Required action:
Your answer should be only the lines below from the one with "Mercedes-Benz EQB — фото 10" to the one with "Zerstörte Häuser in", repeated exactly, ends included.

Records for this exercise:
----

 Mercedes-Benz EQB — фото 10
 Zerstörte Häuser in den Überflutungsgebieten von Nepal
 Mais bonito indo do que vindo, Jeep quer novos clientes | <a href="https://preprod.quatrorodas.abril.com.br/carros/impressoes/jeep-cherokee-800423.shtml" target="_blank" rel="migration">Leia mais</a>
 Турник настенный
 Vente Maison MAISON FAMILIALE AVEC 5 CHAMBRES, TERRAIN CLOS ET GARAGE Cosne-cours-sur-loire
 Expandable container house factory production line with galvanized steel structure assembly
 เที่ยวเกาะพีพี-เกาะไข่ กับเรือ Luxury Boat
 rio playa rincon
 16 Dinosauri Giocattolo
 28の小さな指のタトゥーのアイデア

----

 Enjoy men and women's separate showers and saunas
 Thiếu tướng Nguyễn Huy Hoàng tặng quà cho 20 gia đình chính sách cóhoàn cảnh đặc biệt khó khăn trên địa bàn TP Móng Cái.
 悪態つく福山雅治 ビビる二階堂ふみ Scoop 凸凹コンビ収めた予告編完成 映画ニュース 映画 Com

----

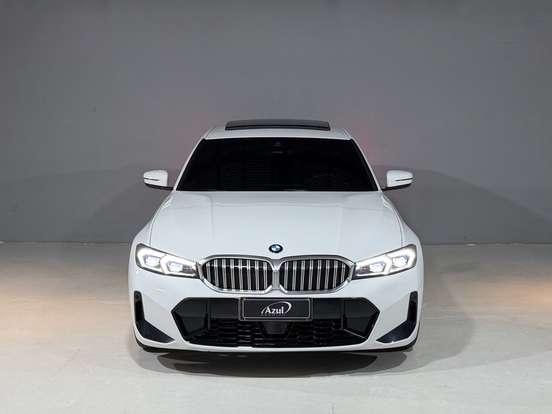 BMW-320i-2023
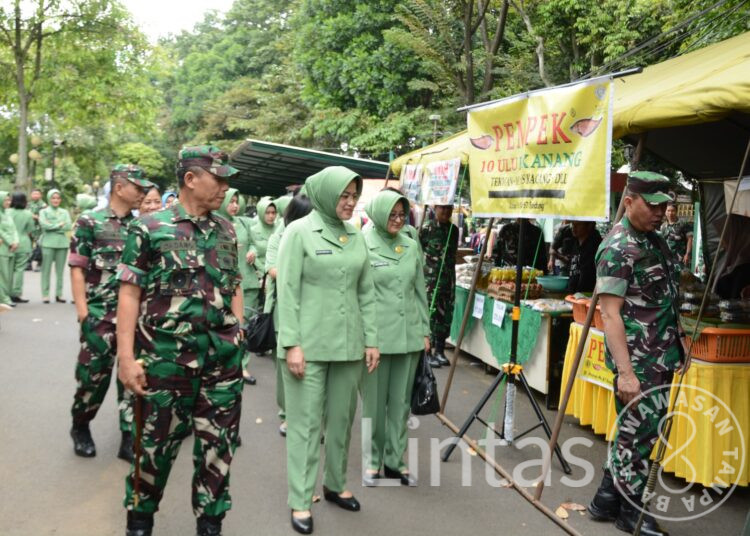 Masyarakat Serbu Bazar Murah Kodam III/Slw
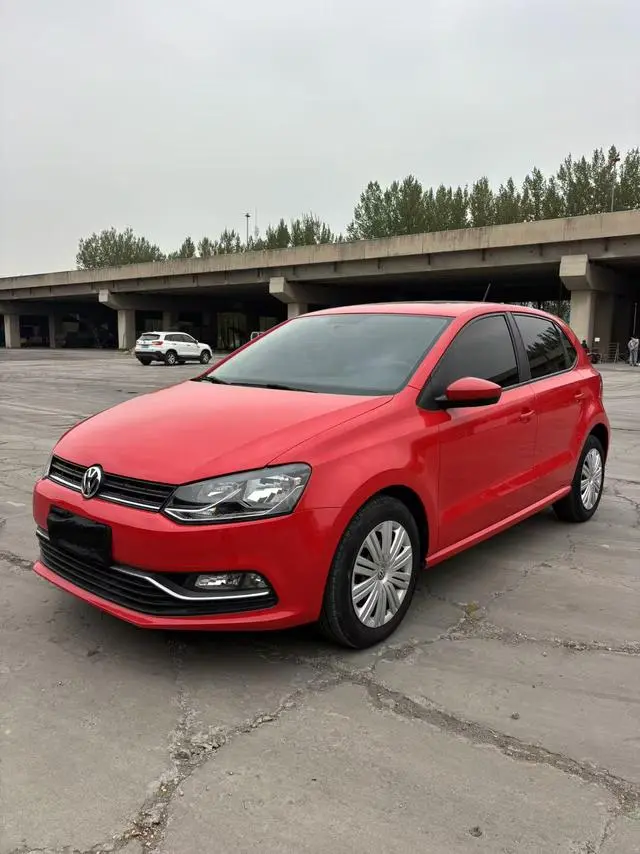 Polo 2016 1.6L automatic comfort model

----

Result:
 Mercedes-Benz EQB — фото 10
 Zerstörte Häuser in den Überflutungsgebieten von Nepal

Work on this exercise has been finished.